• ABOUT THIS TASK: In the records below, the line with "경기도 안산시 상록구 일동 빌라(투룸 이상) 사진 1" and every line after it must be written out exactly; no pictures belong in the result.

• THE DATA:
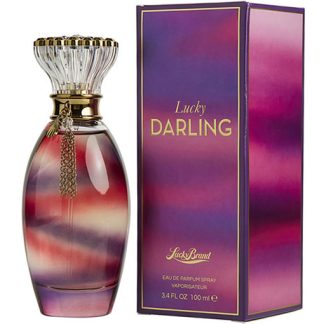 LIZ CLAIBORNE LUCKY DARLING EDP FOR WOMEN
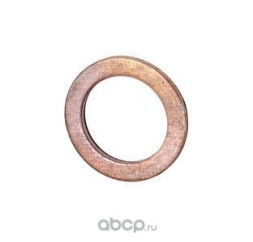 Прокладка медная ( 1,0х16,2х23,9 ) 1751216000, 5308439000, MF660066 Autokrep 0075*10шт)
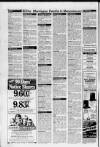 Leek Post & Times Wednesday 12 February 1986 Page 28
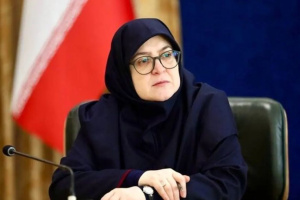هدف دولت رفع تحریم ها و کاهش فشار زندگی بر مردم است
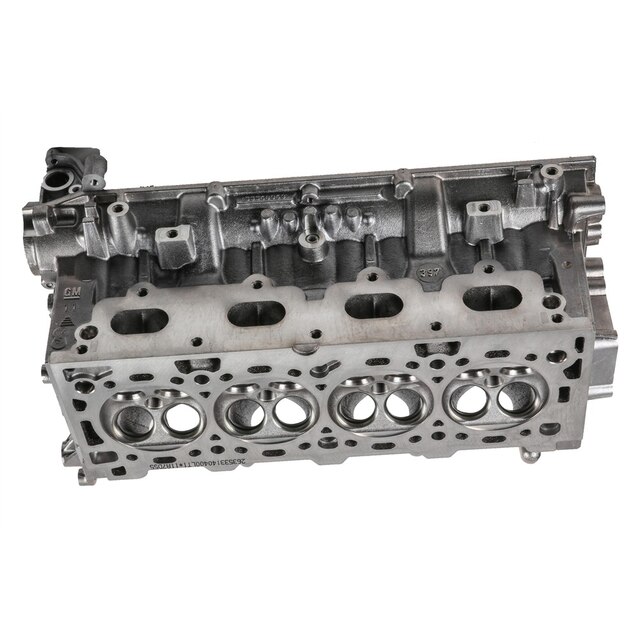 GM Genuine Parts Engine Cylinder Head
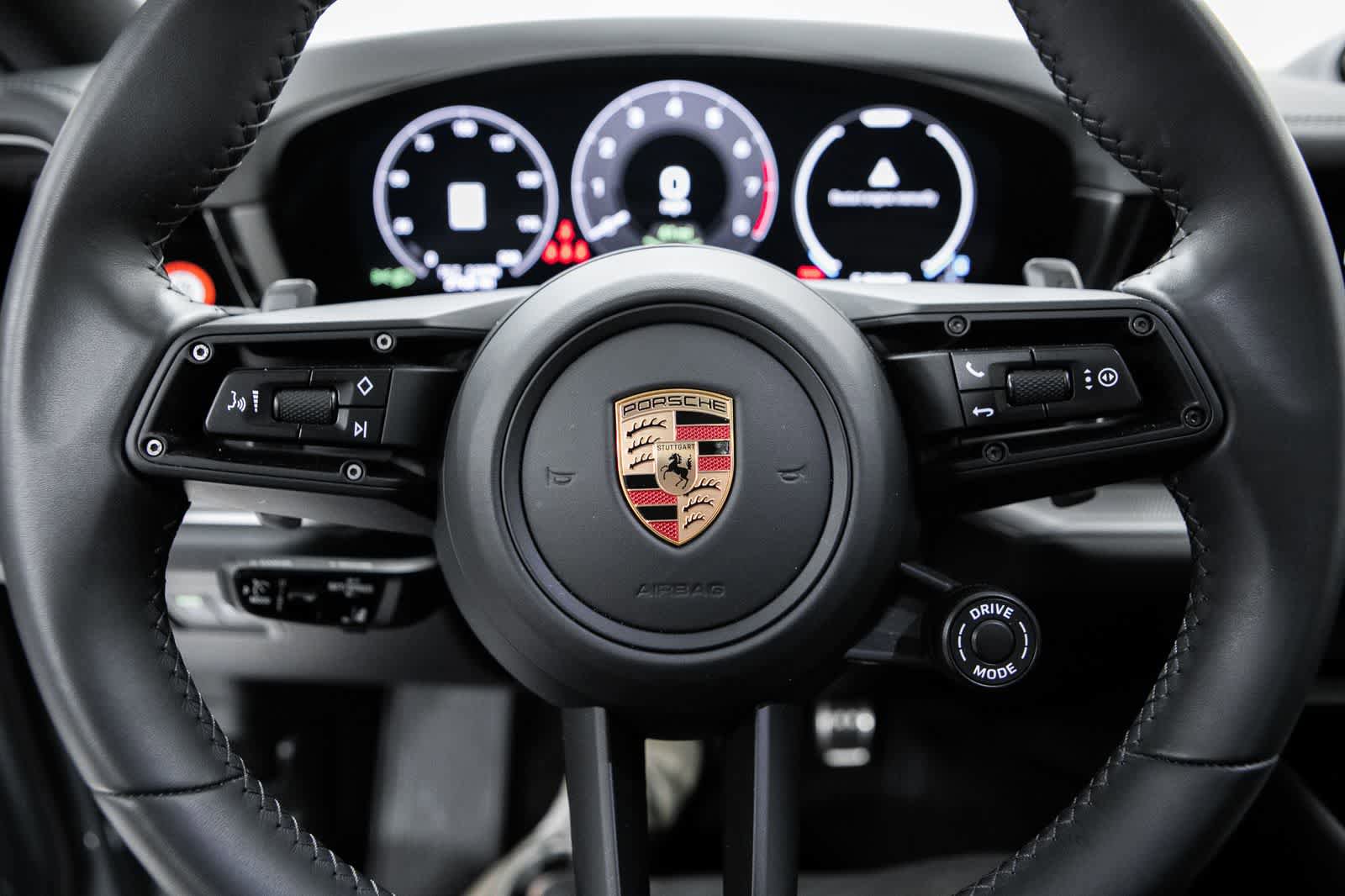 Certified 2025 Porsche Cayenne S AWD/4WD image 14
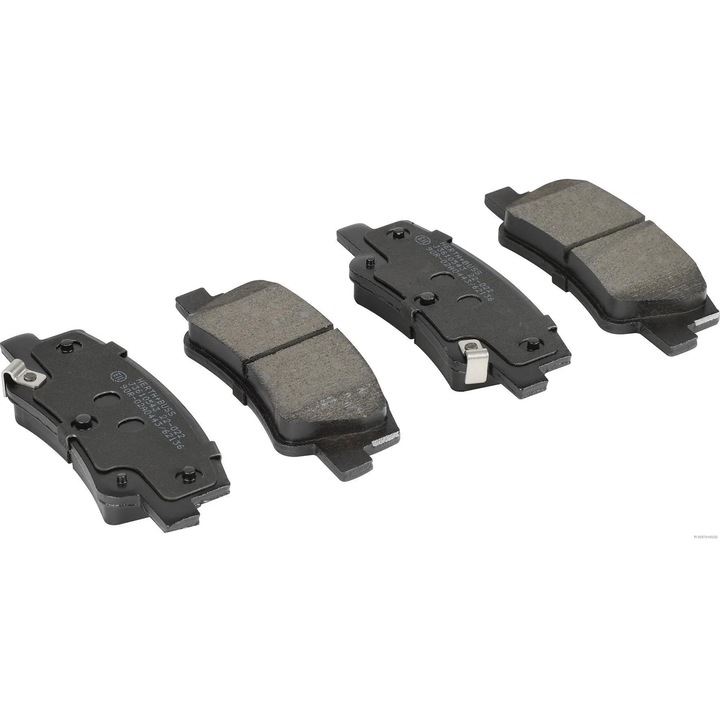 Fékbetét készlet, tárcsafék J3610543 Hyundai Tucson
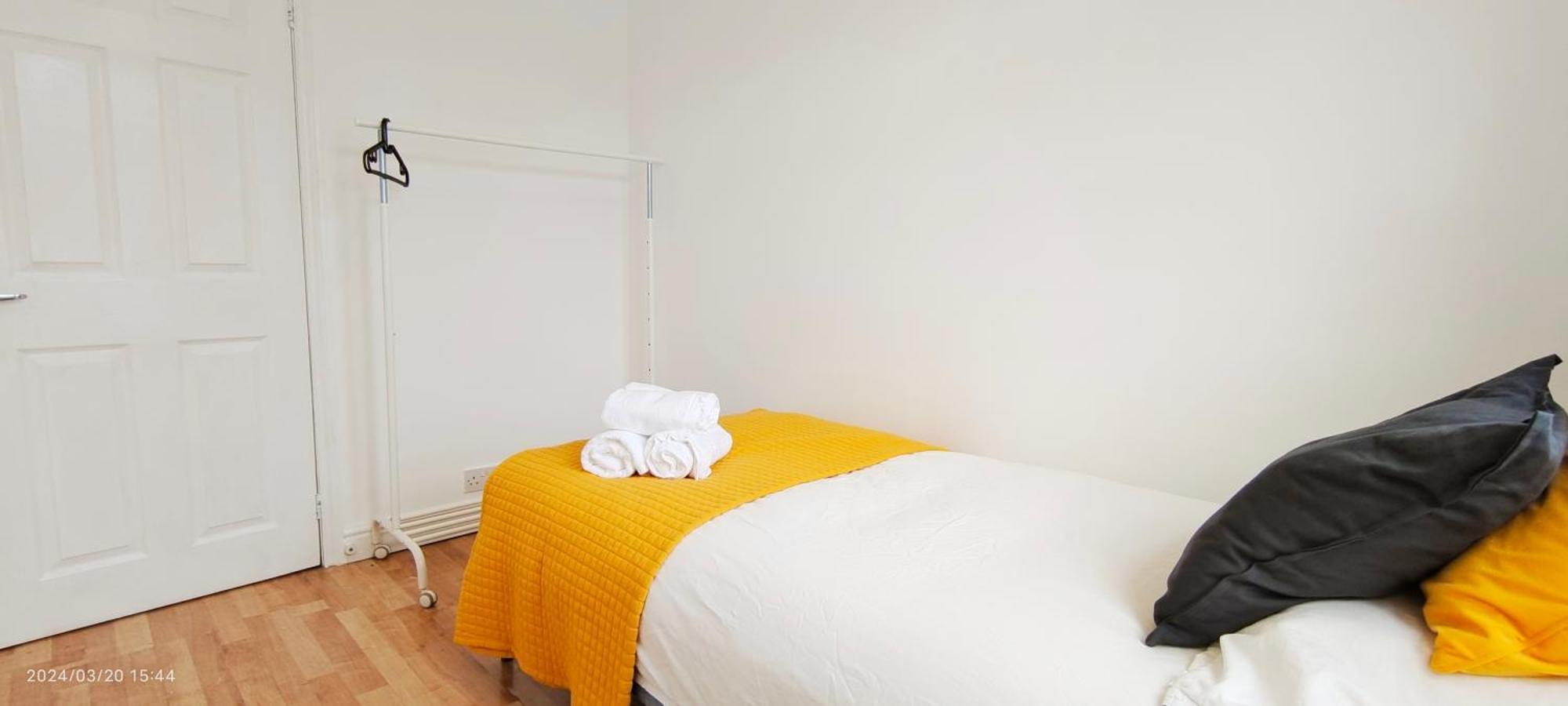 Maple House Near Wembley Stadium Vakantiehuis *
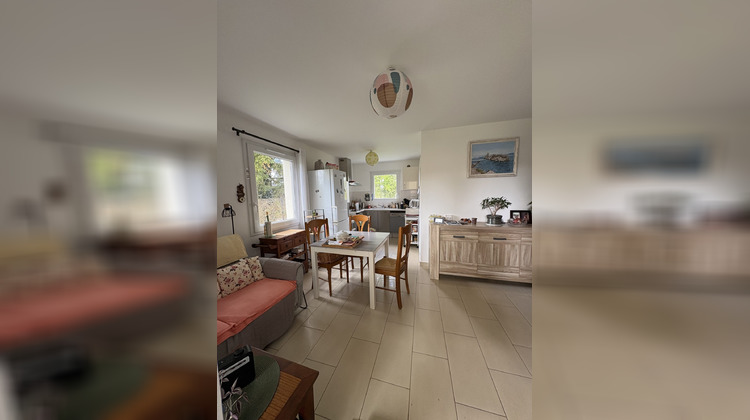 Ma-Cabane - Vente Appartement Douvres, 47 m²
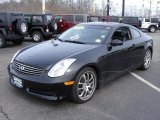 2006 Infiniti G 35 Coupe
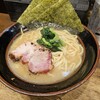 横浜家系ラーメン大岡家 向ヶ丘遊園店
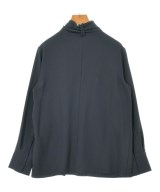 theory luxe（セオリーリュクス）ブラウス 紺 サイズ:38(M位) レディース/2200618045068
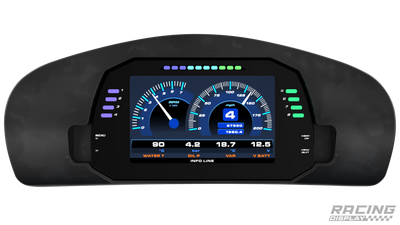 display:AiM/Link MXG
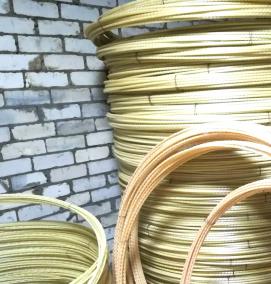 Арматура неметаллическая композитная - тип 2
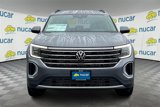 New 2025 Volkswagen Atlas SE image 3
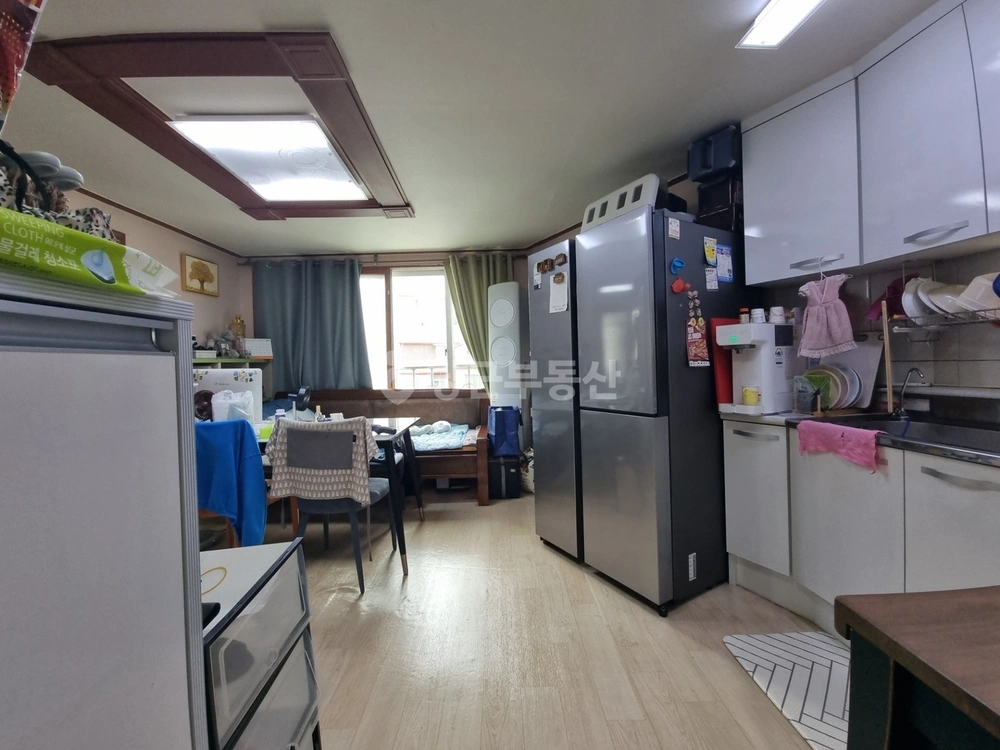 경기도 안산시 상록구 일동 빌라(투룸 이상) 사진 1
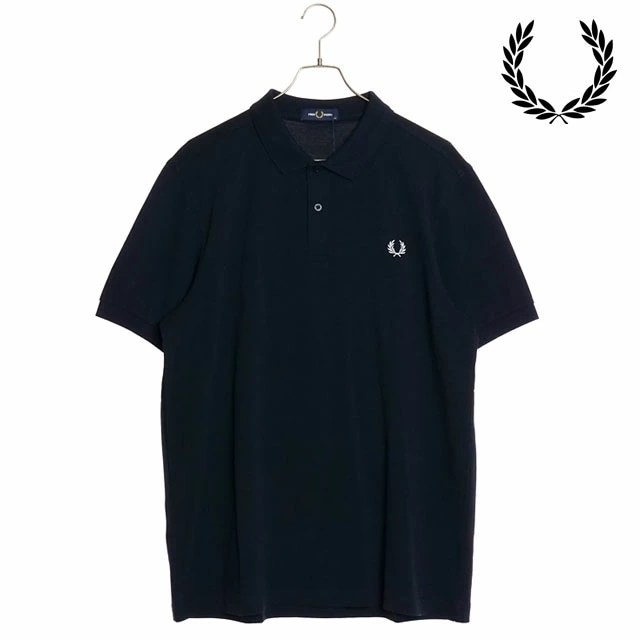 ポロシャツ ザ・フレッドペリーシャツ [M6000-608] THE FRED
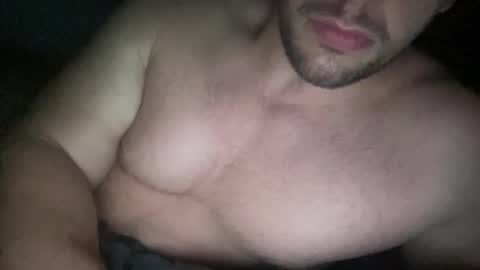 ronpalermo42 online show from March 22, 3:16 pm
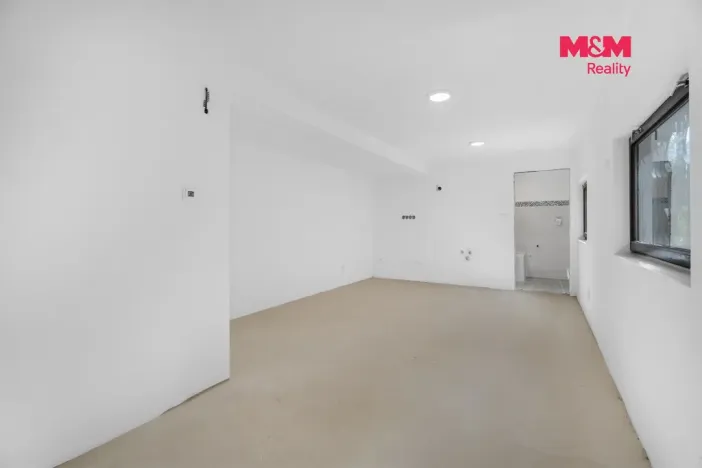 Prodej rodinného domu, Jablonec nad Nisou - Vrkoslavice, Janáčkova, 208 m2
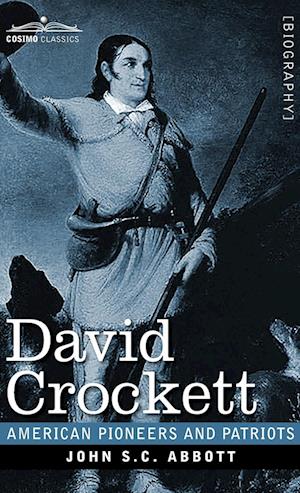 David Crockett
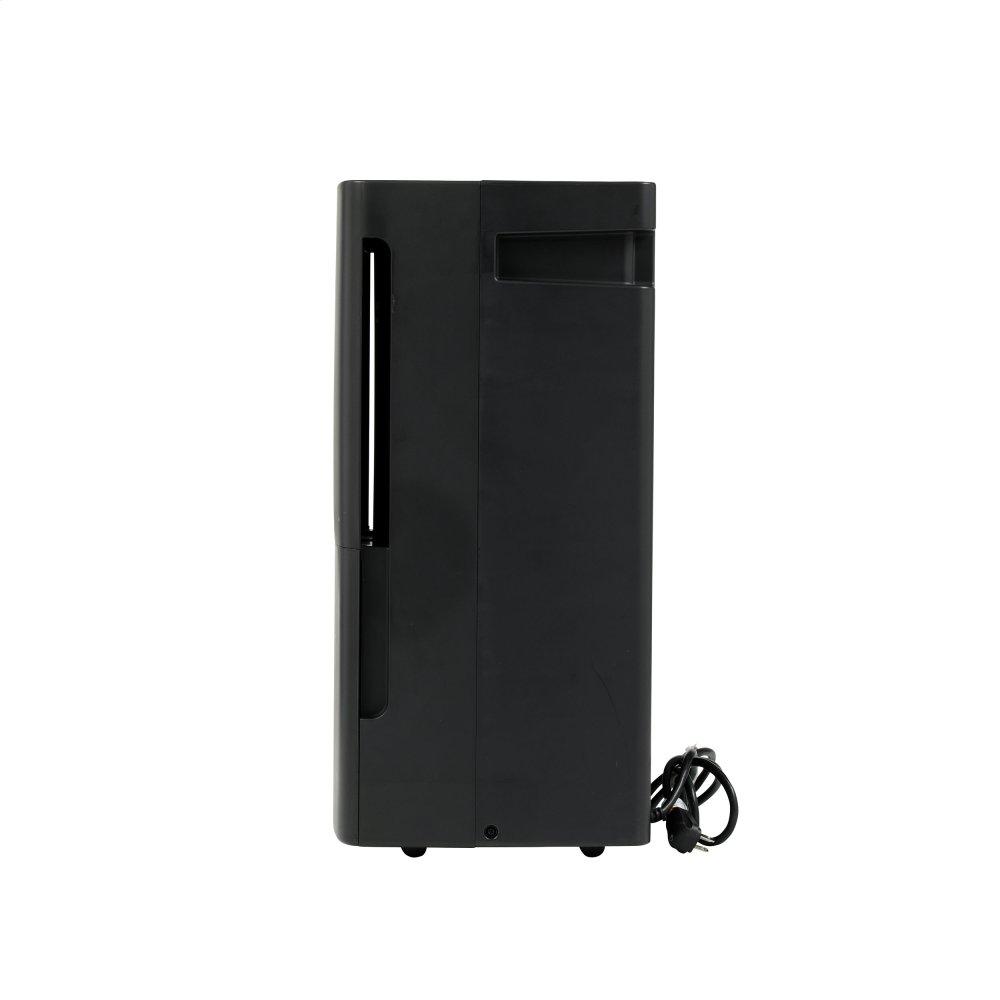 GE® Dehumidifier with Built-in Pump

• EXERCISE OUTPUT:
 경기도 안산시 상록구 일동 빌라(투룸 이상) 사진 1
 ポロシャツ ザ・フレッドペリーシャツ [M6000-608] THE FRED
 ronpalermo42 online show from March 22, 3:16 pm
 Prodej rodinného domu, Jablonec nad Nisou - Vrkoslavice, Janáčkova, 208 m2
 David Crockett
 GE® Dehumidifier with Built-in Pump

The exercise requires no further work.